Short text fragments from websites

*** Begin section ***

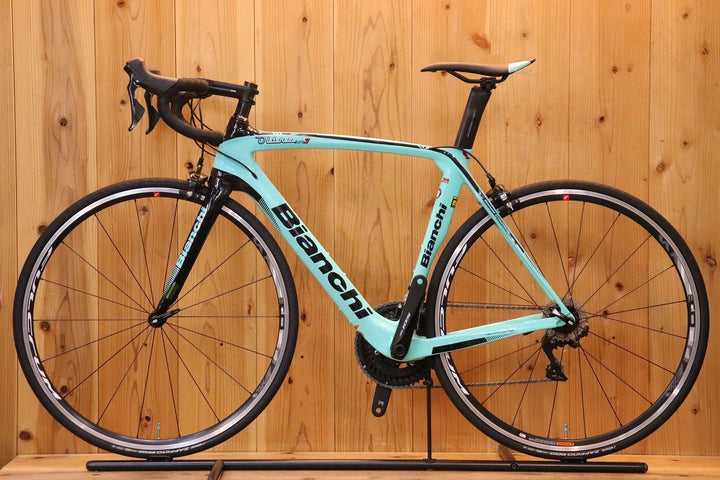 ビアンキ BIANCHI オルトレ OLTRE XR3 2018年モデル 55サイズ シマノ 105 R7000 11S カーボン ロードバイク 【芦屋店】
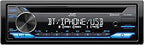 JVC KD-SR86BT Bluetooth Car Stereo Alexa Compatible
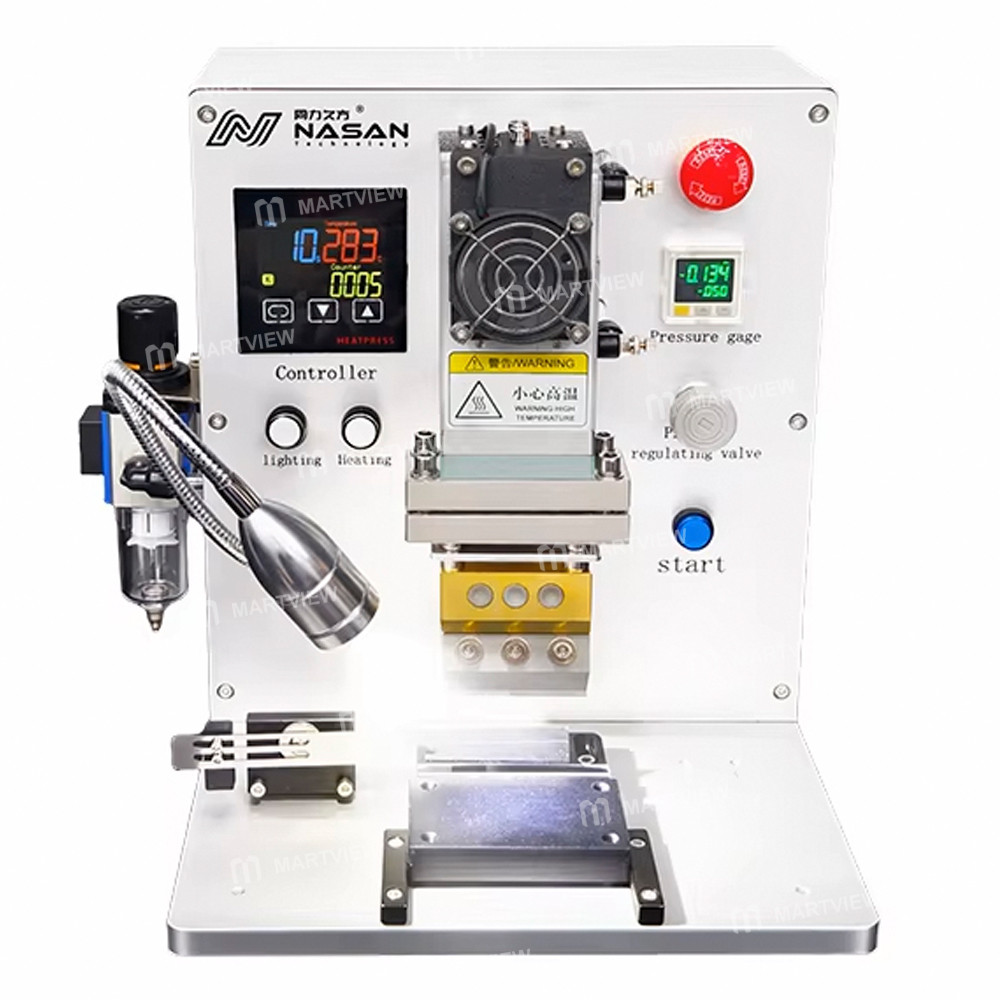 nasan na-bd01-8-inch-cof-cop-lcd-screen-flex-cable-special-constant-temperature-press-machine-1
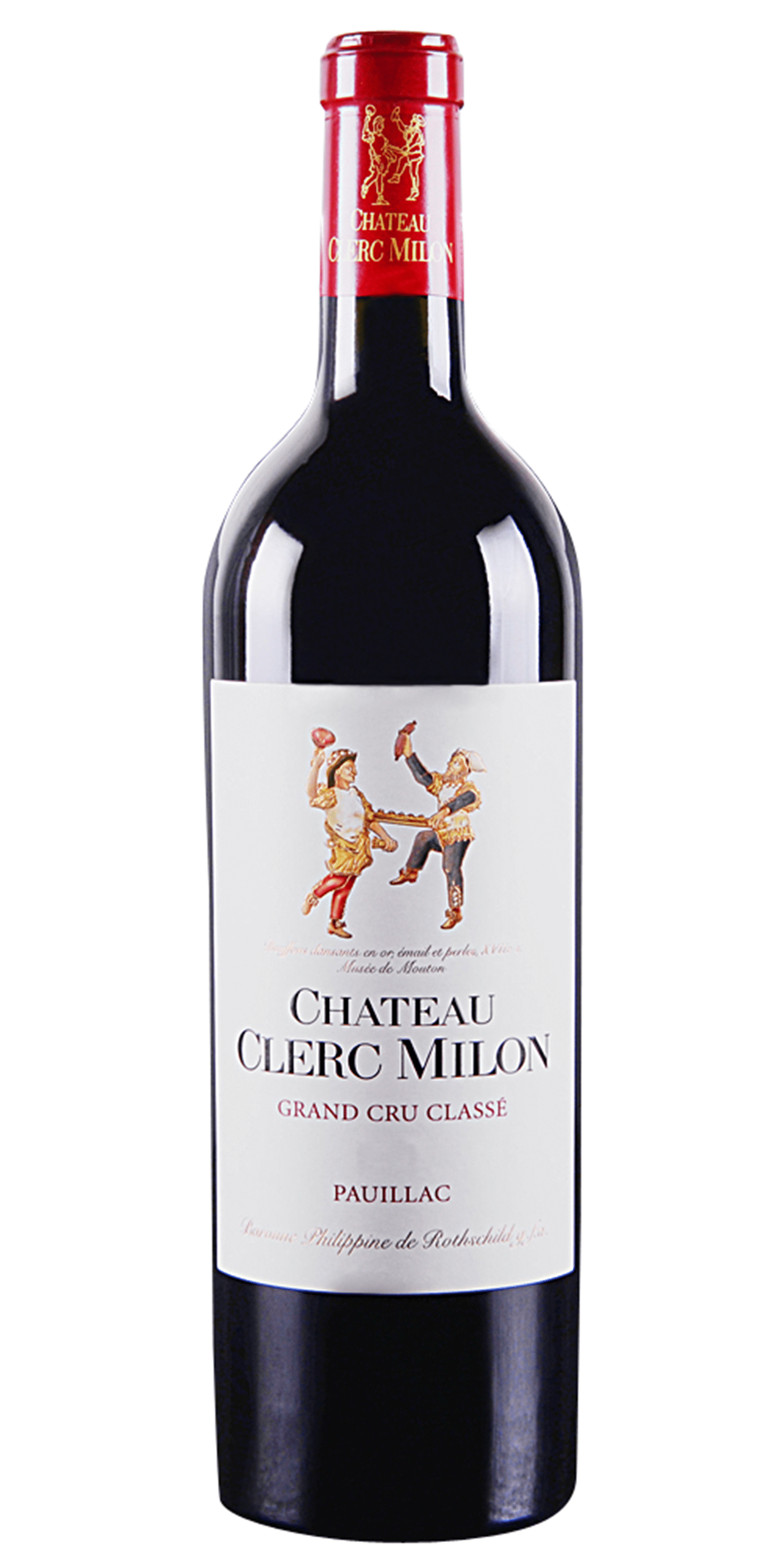 Château Clerc Milon Pauillac (Grand Cru Classé) 2015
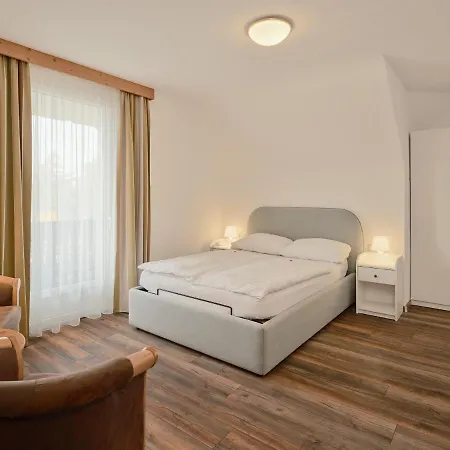 Pensión Gaestehaus Waldeck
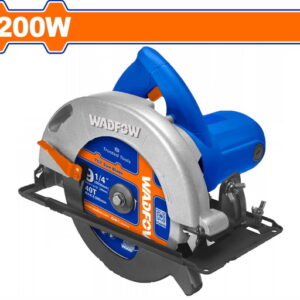 Wadfow 1200W Circular Saw (185mm)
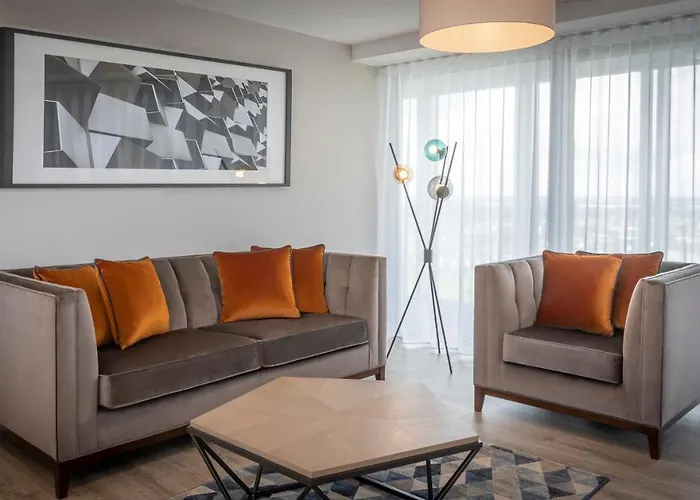 Metro Airport Apartment Dublin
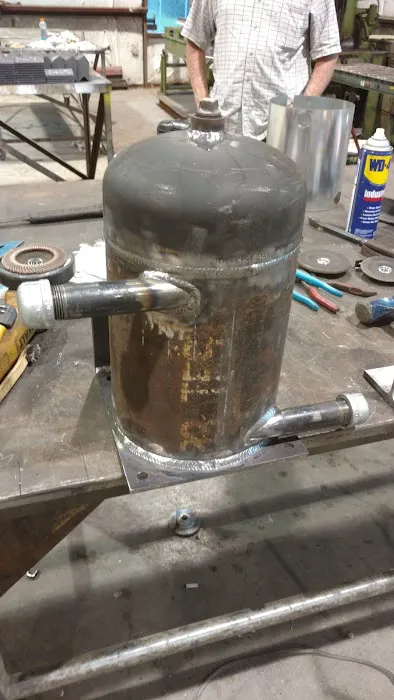 A-1 Sheet Metal & Air Conditioning Inc Picture 1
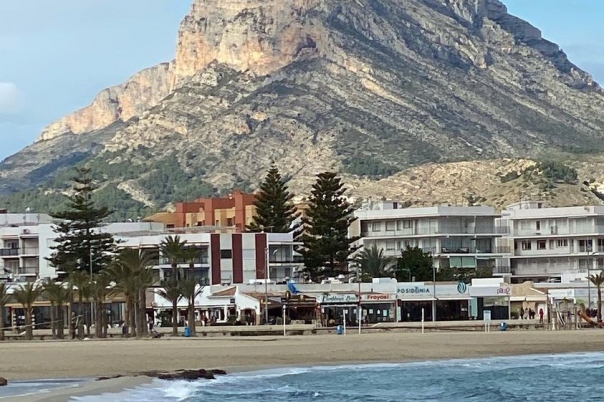 Playa Del Arenal Javea
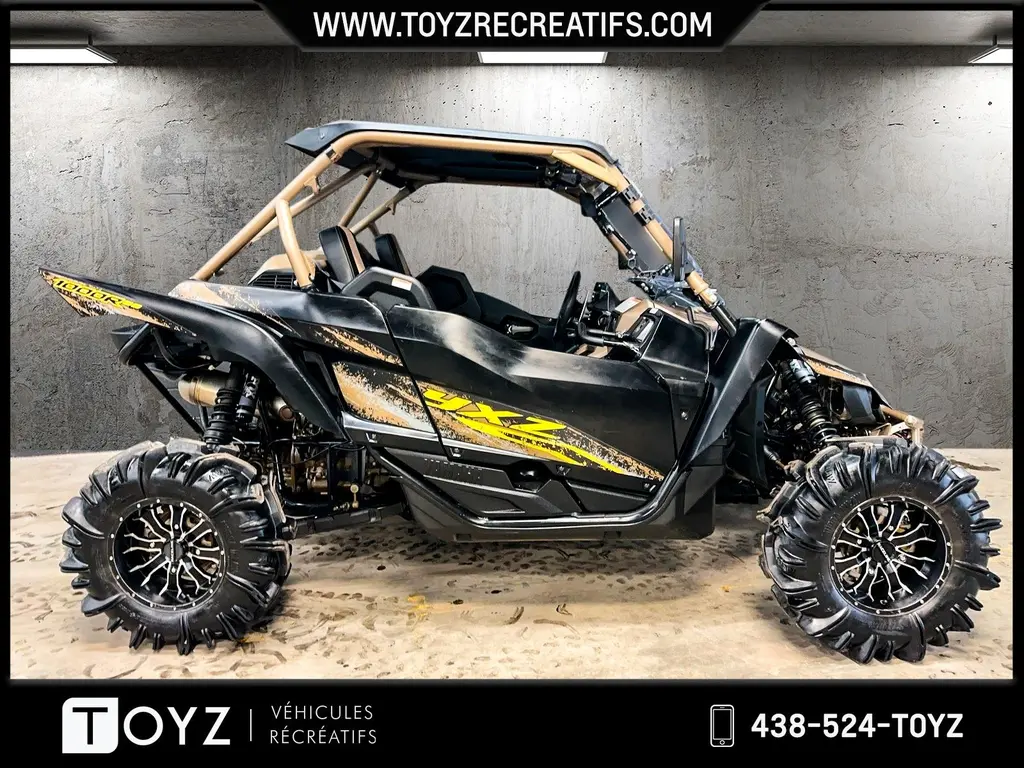 2020 Yamaha YXZ 1000R SS SPECIAL EDITION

*** End section ***

• WHAT YOU ARE ASKED TO DO:
Could you repeat exactly the lines from the one containing "Château Clerc Milon" to the last line of the records, both included, and leave out every picture?

• RESULT OF THE TASK:
 Château Clerc Milon Pauillac (Grand Cru Classé) 2015
 Pensión Gaestehaus Waldeck
 Wadfow 1200W Circular Saw (185mm)
 Metro Airport Apartment Dublin
 A-1 Sheet Metal & Air Conditioning Inc Picture 1
 Playa Del Arenal Javea
 2020 Yamaha YXZ 1000R SS SPECIAL EDITION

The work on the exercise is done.